THE boss of Britain’s biggest union has said he would support illegal strikes if the one per cent public- sector pay cap is not lifted by Westminster.

Unite leader Len McCluskey said public sector industrial action was “very much on the cards”.

The UK Government has lifted the cap for prison and police officers in England and Wales – but, as yet, not for other public-sector workers.

Under a new law introduced in March, ballots for strike action now must have at least a 50 per cent turnout for industrial action to be legal.

McCluskey gave the illegal strike warning as GMB trade union members at the Sellafield nuclear plant gave notice of a strike on September 27 in a pay dispute.

McCluskey told the Trade Union Congress conference in Brighton: “If they [Unite members] haven’t managed to hit an artificial threshold this Government has foolishly put on to the statute books, then I will stand by our members and we’ll all live, including the Government, we’ll all live with the consequences of that.” The conference voted to support coordinated campaigns.

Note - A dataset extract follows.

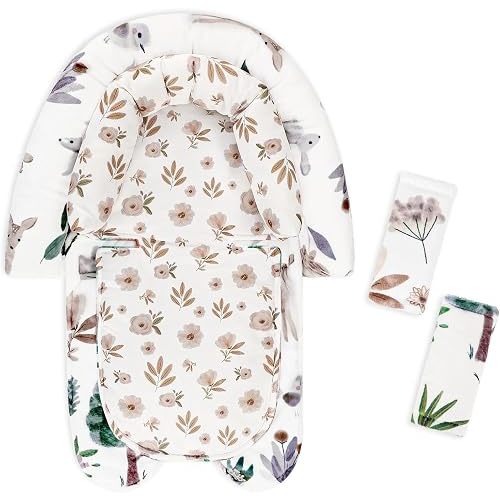 2-in-1 Infant Car Seat Insert, Upgraded Newborn Carseat Insert, Breathable & Soft Baby Car Seat Head Support with 2 Strap Covers for Girls, Perfect for Carseat, Stroller, Swing, White Animals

“In terms of the concept of co-ordinated public service workers’ action, then yes I think that is very likely and very much on the cards,” said McCluskey.

“We will always stand shoulder-to-shoulder with our members. If the Government has pushed us outside the law they will have to stand the consequences.”

The unions are campaigning for a five per cent increase for millions of public-sector workers.

Pay was frozen in 2010 for all but the lowest earners, with increases set at no more than one per cent a year from 2013.

Labour’s shadow justice secretary and shadow lord chancellor Richard Burgon has refused to say if he would support a strike called without a 50 per cent ballot turnout, saying such a scenario was “hypothetical”.